Now I see the pics! Work looks FABULOUS! Wiring all good, as far as i can tell. Do you have a multimeter to check circuit continuity? If so, check continuity between pickup plate (which would touch the center rail), and anywhere on the frame of the motor (grounded to the wheels and the outer rails). You should see continuity in every-other e-unit drum position. I.e., the e-unit cycles: fwd, neutral, reverse, neutral, fwd, neutral, reverse, neutral in one full revolution (8 positions). The fwd and reverse should have a full circuit of electricity through the brushes/armature and then the field coil.

Remember that the e-unit must be positioned vertically to work under power (gravity drops the plunger down with a power cycle off or reverse button push on the transformer), and that the e-unit frame itself must be touching/grounded to the motor frame to complete its solenoid electrical circuit.

Overall, this is one HAPPY loco!

TJ

PS -- I know you're far away, but I might have a spare axle I could send you, if you're interested. Freebie.


----------



## gunrunnerjohn (Nov 10, 2010)

Looks brand new, well, except for that wheel.


----------



## emile (Mar 24, 2015)

tjcruiser said:


> PS -- I know you're far away, but I might have a spare axle I could send you, if you're interested. Freebie.


Thanks a mil TJ. Will test the unit tonight when I get home. 

Thanks a mil for the axle.
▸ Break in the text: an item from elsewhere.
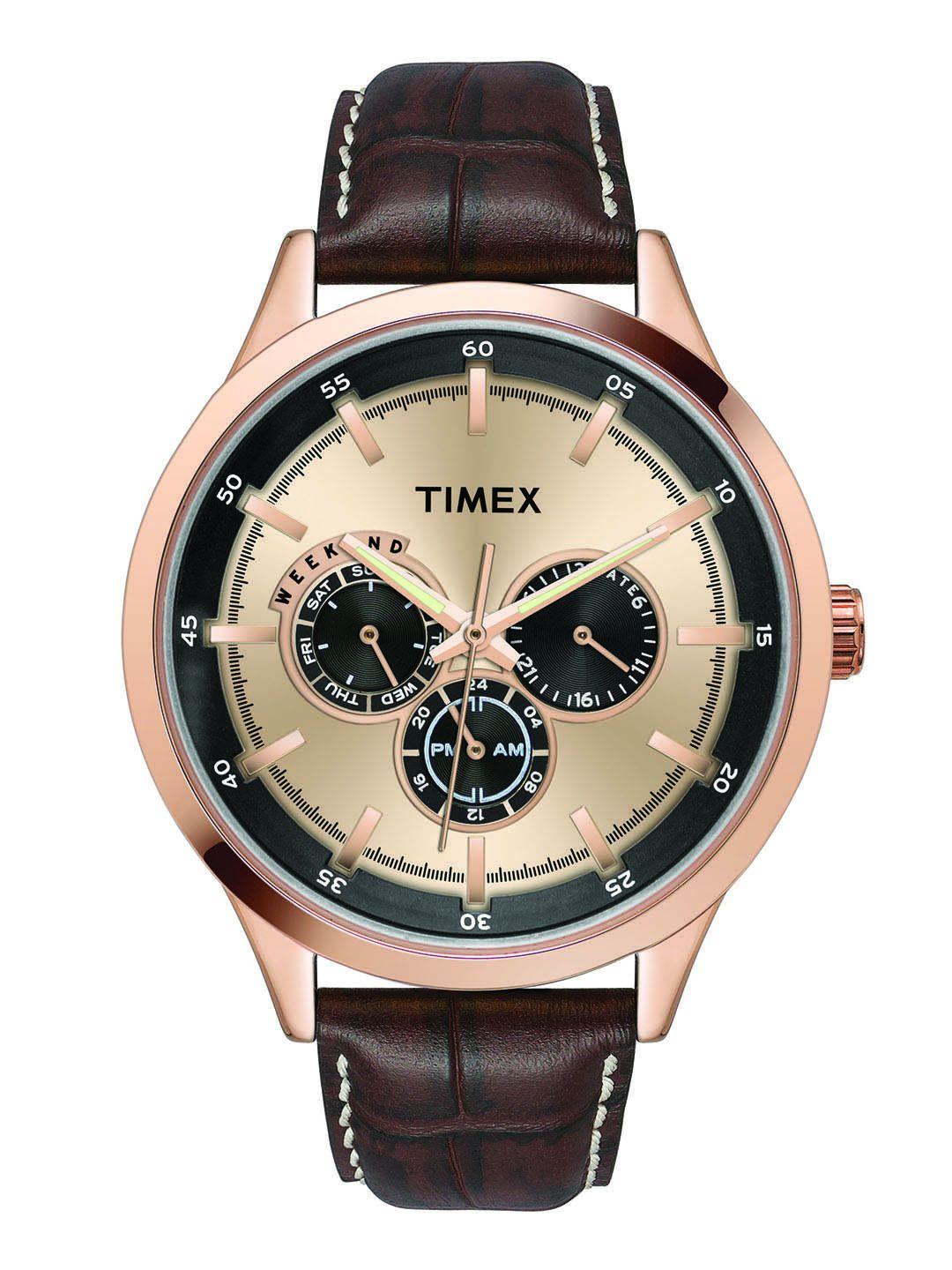 timex men rose gold-toned multifunction analogue watch - tw000t311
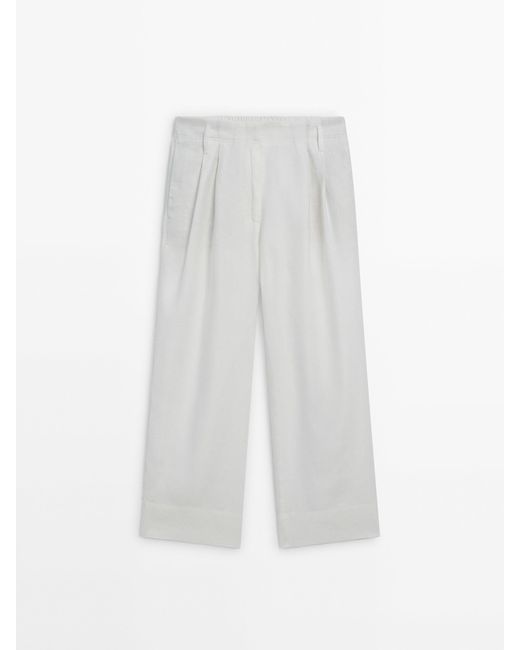 MASSIMO DUTTI White 100% Linen Trousers With Double Darts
I will pm you with delivery details. Hopefully I can return the favour sometime. 

In other news.....I am buying a substantial collection i came across here in South Africa. 2 locos, rolling stock and a whole lot of buildings, bridges, towers and so on. All post war 40's and 50's.

Have a great day.


----------



## tjcruiser (Jan 10, 2010)

PM sent.


----------



## tjcruiser (Jan 10, 2010)

Any updates, Emile? Did an axle show up at your doorstep?

TJ


----------



## Big Ed (Jun 16, 2009)

tjcruiser said:


> Any updates, Emile? Did an axle show up at your doorstep?
> 
> TJ


That has a long way to travel. :smokin:


----------



## emile (Mar 24, 2015)

It is a loooooong way. The US to South Africa leg is quick. The delay happens when the SA postal service gets involved. Slower than a snail in reverse gear!
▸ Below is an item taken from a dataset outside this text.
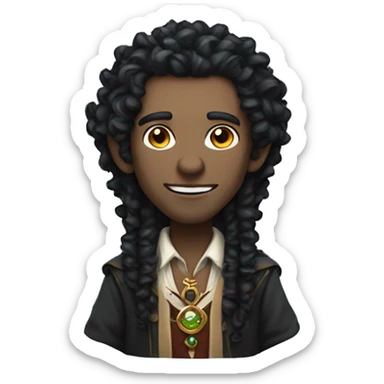 A modern witchdoctor, a male fantasy elf with long black curly hair. sticker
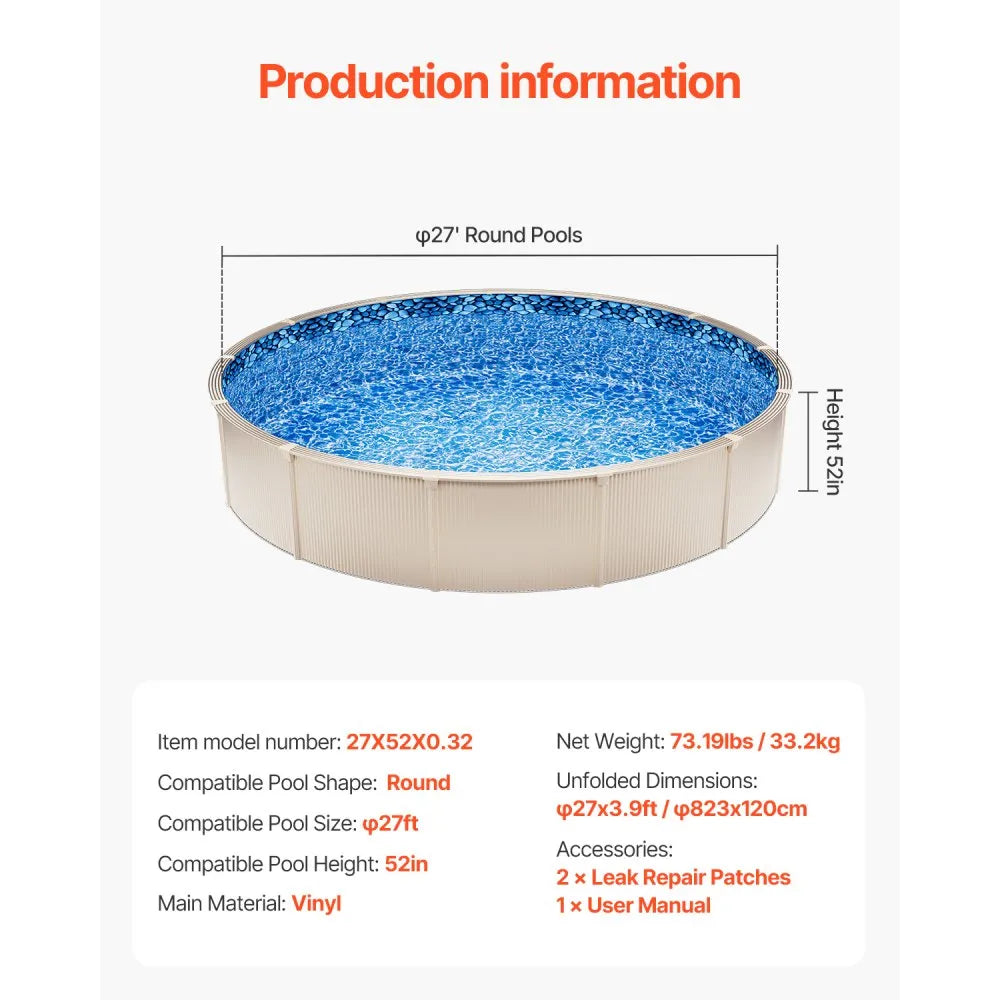 VEVOR 27-FT ROUND POOL LINER STD GAUGE 52INCH WALL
In the meantime I have however bought a pile of Lionel goodies. 










Still with my mom 500 miles away. Cant wait to get it down to Cape Town.


----------



## tjcruiser (Jan 10, 2010)

Looks like a great stash of postwar stuff, Emile. Plenty of new (old!) treasures, I'm sure!

TJ


----------



## sjm9911 (Dec 20, 2012)

Holy cow! Thats a lot of stuff! New thread for it and pictures please! Im jealous!


----------